What you will do
Word for word, output the data, with none of its pictures.

[Data]

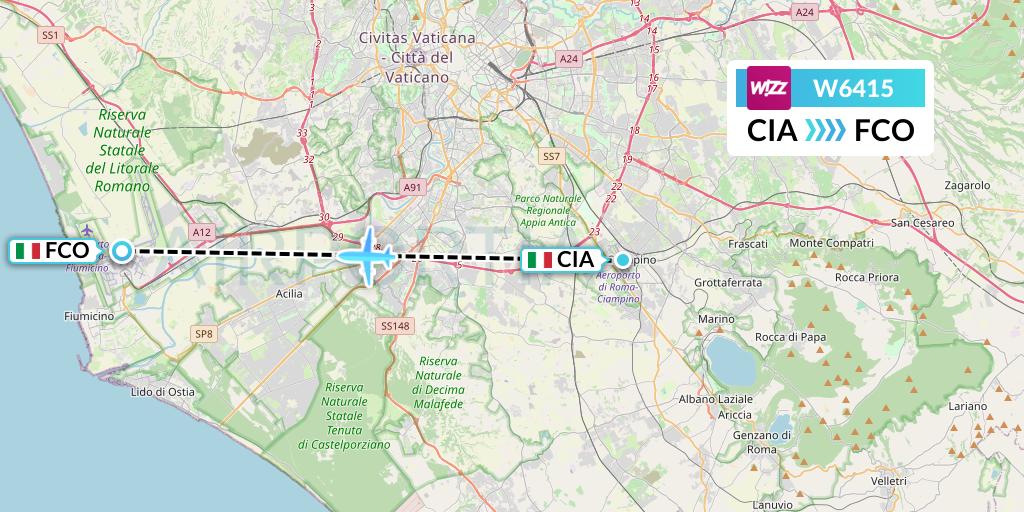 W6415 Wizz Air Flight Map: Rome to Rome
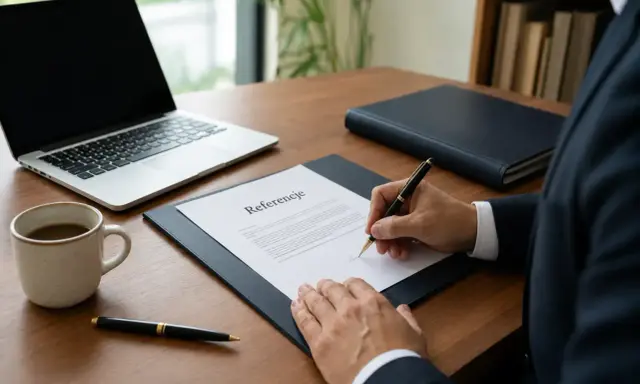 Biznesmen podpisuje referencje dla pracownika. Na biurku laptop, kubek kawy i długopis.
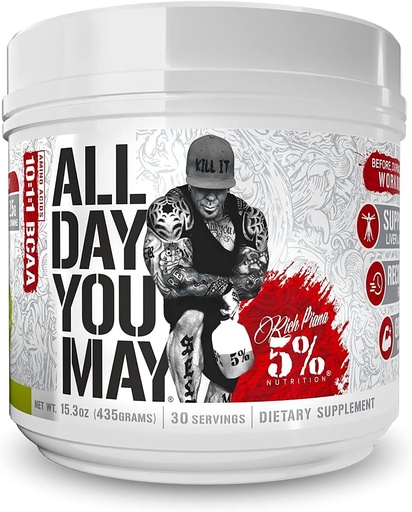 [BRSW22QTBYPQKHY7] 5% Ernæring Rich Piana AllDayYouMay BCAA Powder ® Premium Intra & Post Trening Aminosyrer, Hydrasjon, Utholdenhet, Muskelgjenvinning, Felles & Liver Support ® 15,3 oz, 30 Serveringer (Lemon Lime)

[/Data]

Solution for this exercise
 W6415 Wizz Air Flight Map: Rome to Rome
 Biznesmen podpisuje referencje dla pracownika. Na biurku laptop, kubek kawy i długopis.
 [BRSW22QTBYPQKHY7] 5% Ernæring Rich Piana AllDayYouMay BCAA Powder ® Premium Intra & Post Trening Aminosyrer, Hydrasjon, Utholdenhet, Muskelgjenvinning, Felles & Liver Support ® 15,3 oz, 30 Serveringer (Lemon Lime)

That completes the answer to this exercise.